I don't know why I'm still responding to this thread 24 hours later, but just thought I'd add this tweet from Le Cun: "Neuroscience greatly influenced me (there is a direct line from Hubel & Wiesel to ConvNets) and Geoff Hinton. And the whole idea of neural nets and learning by adjusting synaptic weights clearly comes from neuroscience."

https://x.com/ylecun/status/1583872918634655744?s=20

Surely you are trolling me now. There is a very clear biological inspiration mentioned in this paper: they literally define a CNN as having “receptive fields” and then they cite the same Hubel & Wiesel research mentioned before multiple times. LeCun mentions their research in papers even earlier in the 80s as well, during which they were awarded the Nobel prize for their research on the visual system.
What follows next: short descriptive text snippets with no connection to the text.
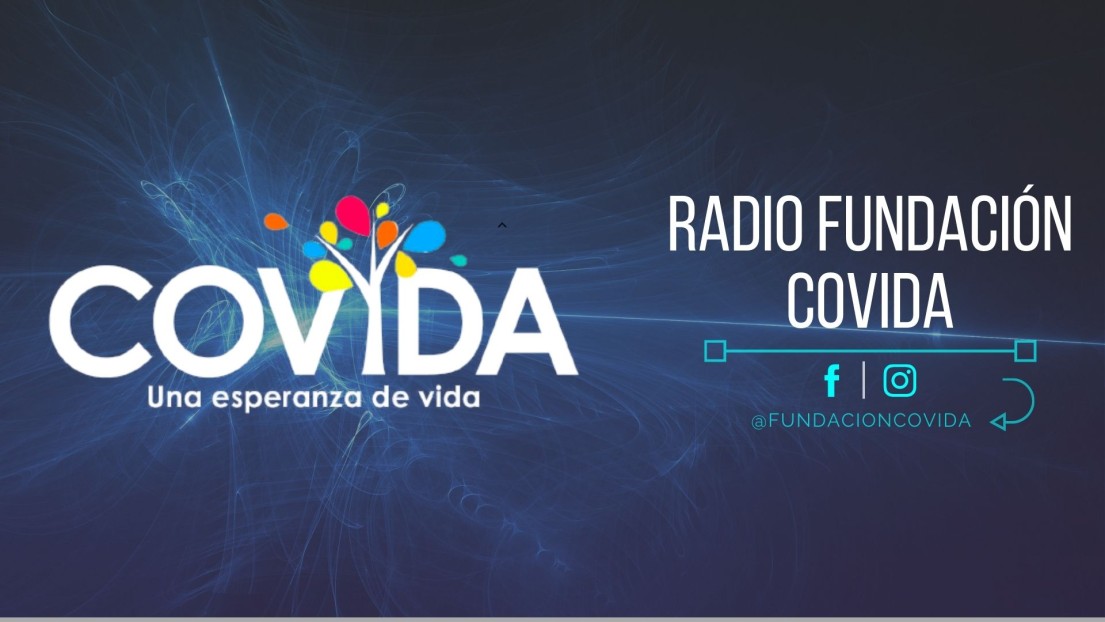 radiofundacioncovida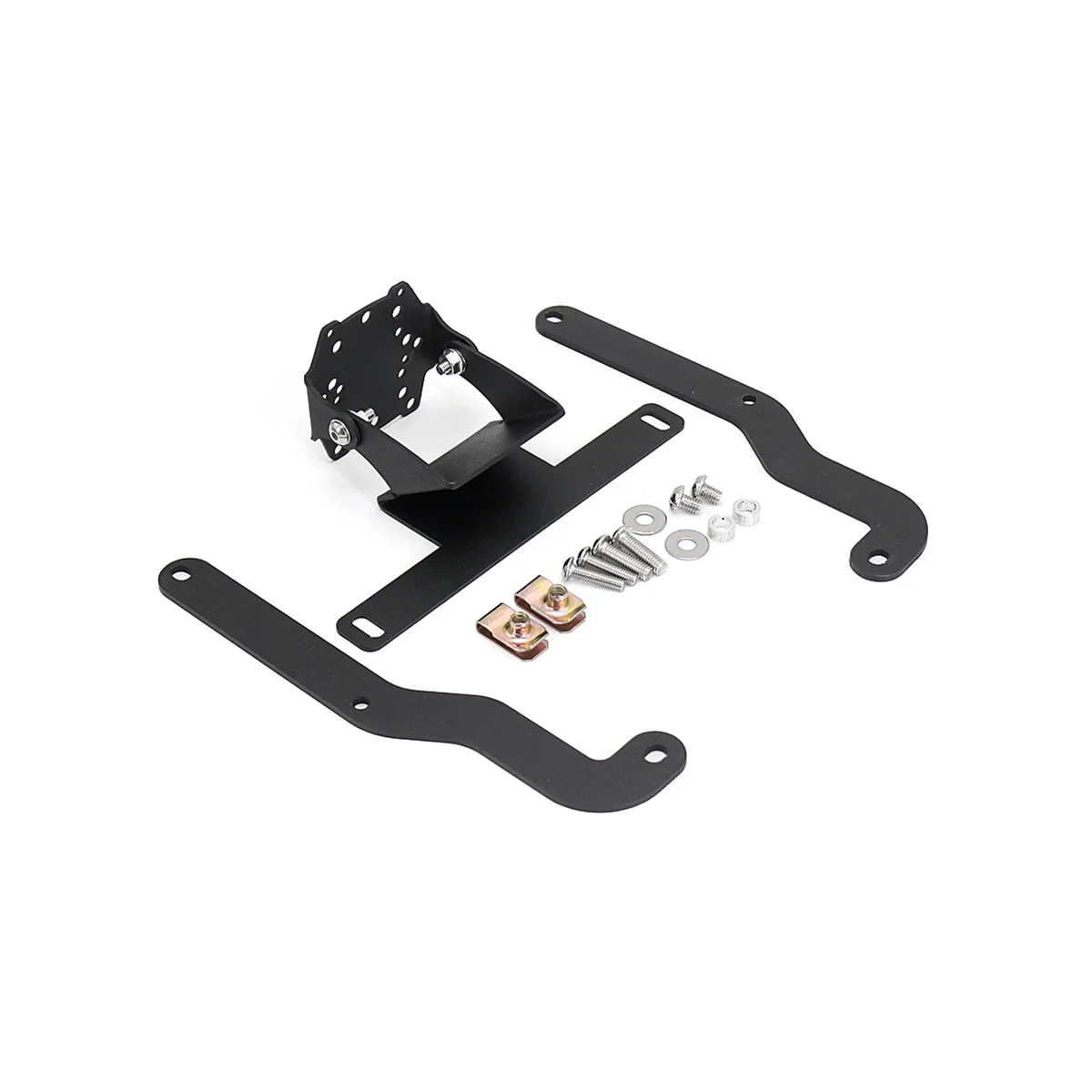 

Держатель для телефона TMAX 560 Max 2022 TMAX560 22 T MAX 560 2023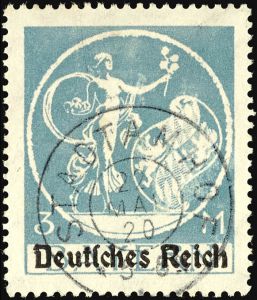 Lot 2470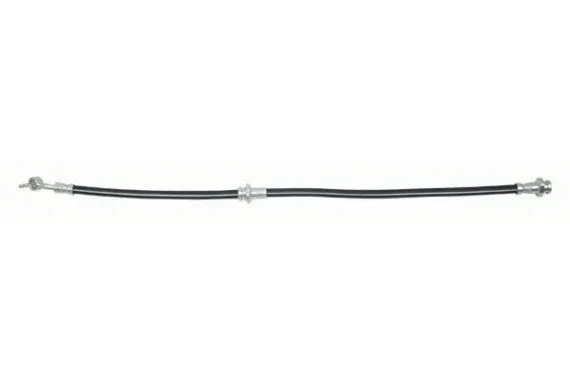 Brake Hose (N3701116)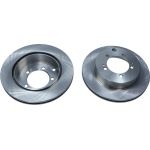 MAXGEAR Bremsscheibe 19-2394 Mitsubishi Lancer/Space Wagon 2.0-2.4 Gdi 98 MAXGEAR Bremsscheibe 19-2394 Mitsubishi Lancer/Space Wagon 2.0-2.4 Gdi 98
Of course there is also a lot of computational and mathematical research that was ongoing simultaneously, but to say that there is “no inspiration whatsoever” is pretty far from the truth.
Some time around mid 1995 until basically now, it became out of fashion to explain your motivations of some new modeling as inspired from biology, as that was often handwaving with only little understanding of the actual neuroscience. So that is why people stopped writing that in papers. Just let the actual performance numbers speak for themselves. Either you get good performance, then it doesn't really matter where this was inspired from, or it does not work well, then it also does not matter where this was inspired from. In machine learning, it mostly matters whether it works well or not.
That's funny. I had a book on "neural nets" in the 1980s, and it mentioned the analog to brain neurons.